DOSSIERS
Alle dossiers
Gepubliceerd op donderdag 25 juni 2020
IT 3173
Rechtbank ||
24 jun 2020
Rechtbank 24 jun 2020, IT 3173; ECLI:NL:RBGEL:2020:2971 (Verzoeker tegen ABN AMRO), https://www.itenrecht.nl/artikelen/verzoek-verwijdering-registraties-ir-en-evr-afgewezen-1

Verzoek verwijdering registraties IR en EVR afgewezen

Rechtbank Gelderland 24 juni 2020, IT 3173, ECLI:NL:RBGEL:2020:2971 (Verzoeker tegen ABN AMRO) Verzoek verwijdering persoonsgegevens. Artikel 21 AVG. Verzoekster, met als beroep accountant, heeft een vervalst fiscaal overzicht opgestuurd naar ABN AMRO in het kader van een aanvraag voor een hypothecaire financiering. Haar persoonsgegevens, zoals bedoeld in artikel 4 onder 1) AVG zijn hierna opgenomen in het IR en EVR. Het verzoek tot verwijdering van de IR- en EVR-registraties worden afgewezen. Het subsidiaire verzoek tot beperking van de duur van de registraties wordt ook afgewezen. De gestelde belangen van de verzoekster bij verwijdering van haar persoonsgegevens wegen niet zwaarder dan de rechtvaardigde belangen van verweerster bij handhaving daarvan.
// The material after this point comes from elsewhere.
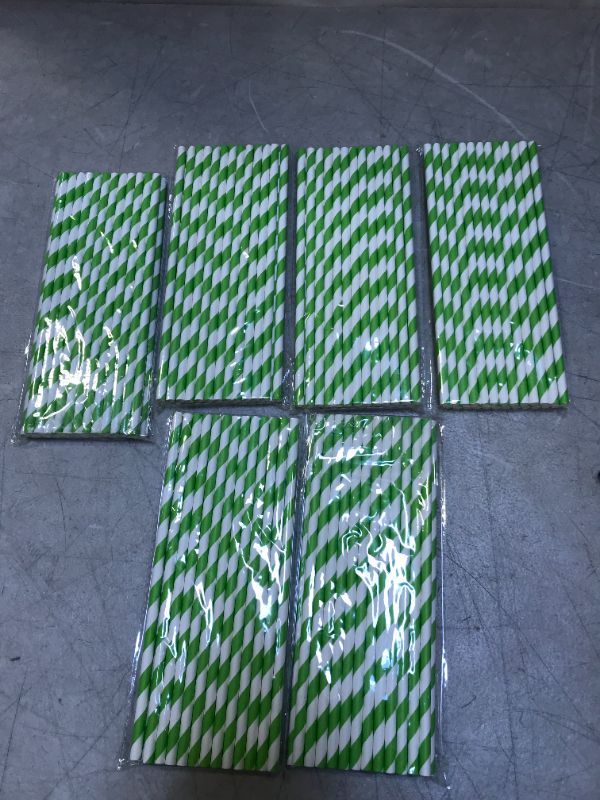 Photo 2 of 120 total green and white paper straws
Met betrekking tot de vereiste belangenafweging overweegt de rechtbank als volgt.

4.9.1. Het verstrekken van juiste gegevens in het kader van aanvragen voor (hypothecaire) financieringen is voor de financiële  sector en haar klanten van groot belang. Overfinanciering kan leiden tot financiële problemen bij deze klanten en tot schade bij de bank en de financiële sector als geheel. De banken moeten kunnen vertrouwen op de juistheid van de hen verstrekte gegevens. Indien een bank wordt geconfronteerd met vervalste documenten, of ander frauduleus handelen, vormt dit een risico voor de belangen van de bank en voor de financiële sector als geheel. Bij registratie bestaat derhalve een zwaarwegend belang. Zulks temeer nu verzoekster doelbewust verweerster heeft geprobeerd te misleiden en daarin heeft volhard.

4.9.2. Dat deze registratie maakt dat verzoekster geen financiële producten bij andere banken kan krijgen, is nadelig voor  verzoekster, maar is van onvoldoende belang tegenover de hiervoor vermelde belangen van verweerster.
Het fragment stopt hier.